Visitors in museums allegedly spend in average 5 seconds in front of each painting, including 3 whole seconds dedicated to the caption only! Pretty dumb, isn’t it?

Well, not always. It could be argued that with Magritte, half the work is with the title! Magritte’s paintings, which I love, can be seen more as poetical ideas shaped into images more than images which can incidentally convey ideas.

The way of painting is almost overly classical, although the character have somewhat frozen, naïve features; Magritte often plays with this “trompe-l’oeil” quality in many paintings such as La Condition Humaine (The Human Condition), l’Aimable Vérité (The Pleasant Truth), la Tentation de l’Impossible (Attempting the Impossible) _ reinterpreting the myth of Pygmalion_ and the much-commented La Trahison des Images (The Betrayal of Pictures ), featuring a picture of pipe with a picture of caption claiming : “Ceci n’est pas une Pipe” ( This is not a pipe)

La Condition humaine is a grand-sounding title that may have some ironical connotations: it’s a kind “mise en abyme” representing a canvas on which a landscape is so perfectly reproduced that it blends into the “real landscape” of the window, so that the viewer can hardly tell the canvas from the landscape (especially on poor quality reproductions, but this is another matter).

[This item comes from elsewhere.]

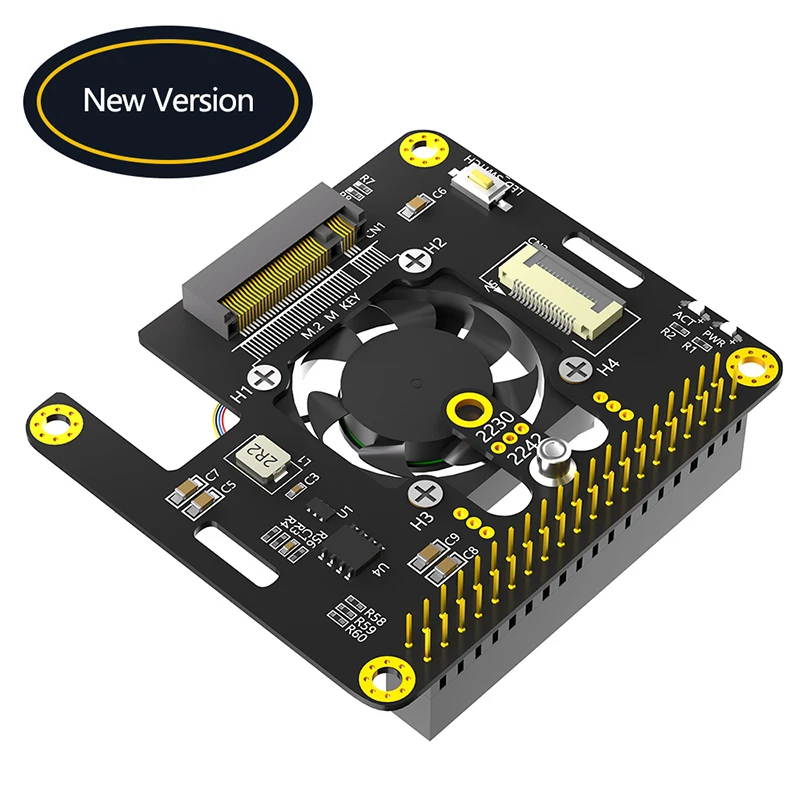 NEW M.2 NVME to PCIe Adapter Supports M2 2230 2242 M Key NVME SSD with Cooler Fan Automatic Discoloration LED for Raspberry Pi 5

A painting is very often described as a window unto the world. As to the relation to “the Human Condition”, I guess it is an illustration of the topos that human life is nothing but an illusion.

Some titles are little poems in themselves:

L'Empire des lumières (The Dominion of Light)

Les Fleurs de l'Abîme : « Abîme » has a double meaning: Abyss and Ruin

Le Palais des Rideaux (The Palace of Curtains)

Le Brise-lumière (The Light Breaker)

Le Sens de la nuit“sens” could be translated both by “meaning” and “direction”; the title being, I guess, a pun on “Le Sens de la Vie”, “The Meaning of Life”

La Saveur des Larmes (the Taste of Tears)

Les Jours gigantesques (The Titanic days) The French title has a nice alliteration.

La Durée poignardée (Time Transfixed). The “official” translation of this title is really poor. The original one literally means “Ongoing Time stabbed by a dagger”. This utterly brilliant title obviously refers to the train and to quick modern means of transport as something abolishing time. It might be too obvious and simple though. The train and its connotation of dazzling speed are ironically in clash with the ponderous bourgeois décor where time seems to have stopped.

Le Faux Miroir (the False Mirror) is also a perfect title. The picture shows a wide open eye whose iris reflects the sky _ or is made of sky. It takes literally the cliché description of eyes “blue like the skies”; its title comes from the expression “The eyes are the mirror of the soul”. The painting itself could be seen as a “false mirror” of the external world, or at least a distorting mirror!

Other titles are mere frozen expression (La Clef des Champs, Les valeurs personnelles) which, when put in clash with the pictures, acquire a new meaning. “La Reproduction Interdite (Not to be reproduced) is a good (and funny) example: it shows a man looking into a mirror but the reflexion in it is his back… the frustrated viewer will never see his face! It seems that some titles throw light on quizzical pictures, but others seem to have been put coincidently side by side with the picture they entitle, like in a game of consequences. A bit like Mr and Mrs Martin in the play La Cantatrice Chauve (The Bald Soprano) who are total strangers to each other and yet happen to be husband and wife. This is the case for some obscure titles like Le Modèle Rouge (The Red Model), representing a “shoe-foot”, or La Grande Famille (The Big Family), featuring a bird made of sky.

Several titles come from literary works:

Almayer’s Folly (Joseph Conrad’s first novel)

The Domain of Arnheim (by Edgar Allan Poe)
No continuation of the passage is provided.